“Live each day as if it were your last”…
A familiar phrase, and a wonderful notion. And utterly impossible to actually carry out, like trying to teach Twiglet, our pet stick insect, to dance.
Nevertheless, I still find something pretty wise and compelling about it. The idea of getting over petty things and attending to what’s really important is worth trying out. Tackling the whole idea of Life is probably a bit ambitious, so I thought I’d start with Pizza.
Untangling any big, knotty issue can start with one pizza, and can go from there. If a person stops for a moment and just carefully chews a morsel that they can get their mouth around, a chain of events will inevitably unfold and solutions will begin to present themselves. I believe this, utterly.
For several months now I have attempted to condense the Living Life idea into pizza (apart from March, when I wasn’t eating gluten or dairy) with a little experiment following these rules:
– Eat alone (preferably at Franco Manca, the most delicious pizza in the world…ever)
– No distractions: no books, doodling, chatting with waiters
– No multi-tasking: no loading of forks or cutting at the same time as chewing
– Chew each mouthful thoroughly, just like mama said
– Pay attention to the pizza, and only the pizza… but everything about the pizza
Forget living my whole life like each day were my last – it is a struggle enough to eat a pizza like it were my last. There is so much compulsive productivity and distraction to overcome. It’s the same feeling as meditation: all I need to do is sit quietly…why can’t I stop thinking about dinosaurs?
But my goodness, there are moments when the pizza tastes amazing. Hey, I’ve never really tasted the tomato before! And even the anticipation on the walk to Northcote Road is pretty intense.
It now feels more like pizza is something I experience rather than something I do to myself.
It has begun to extend to chocolate. I began to notice when I wolfed down a mouthful of choccie as if it were a snakebite antidote, not a moment of delicate enjoyment. I began to apply it to cuddles (with children and wife mostly I guess, but now I’m good to try it with anyone). Perfunctory cuddles while at the same time running through a mental to-do list are better than nothing I suppose, but a deep, primal cuddle is a transcendent feeling. There’s definitely a subconscious thing going on there which I don’t understand; I just know that I love it, as two people’s heartbeats gradually synchronise.
All these things make life feel simultaneously a bit lighter, deeper, richer. It is a vitalising experience to allow myself to really feel something, and that awareness inspires a universe of possibilities.
How easy it has been in the past to work so hard and end up with nothing. To feel like I have given it everything, but realise I have merely burnt calories being busy, and given little of my true self.

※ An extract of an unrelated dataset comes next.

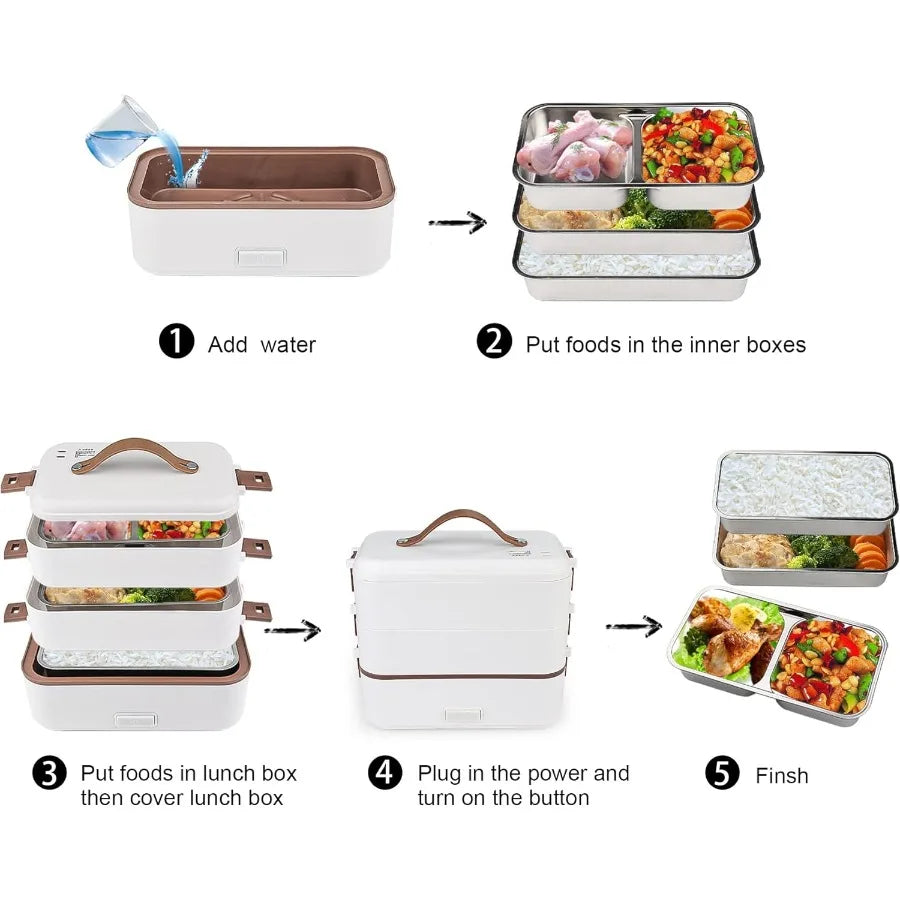 Self Cooking Electric Lunch Box Portable Food Warmer for On-the-Go 3 Layers 800ML Slow Cooker Heated Lunch Box for Home Office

Recently my wife and I wept, because we felt we had passed a threshold where our children were no longer babies. Were we happy or sad? That depends on whether it felt like it was something that we were truly, wholeheartedly there for. Had we remembered to immerse ourselves in one of the richest human experiences possible, or had we mindlessly gobbled?
This I know: it’s about the pizza, nothing but the pizza, and everything about the pizza.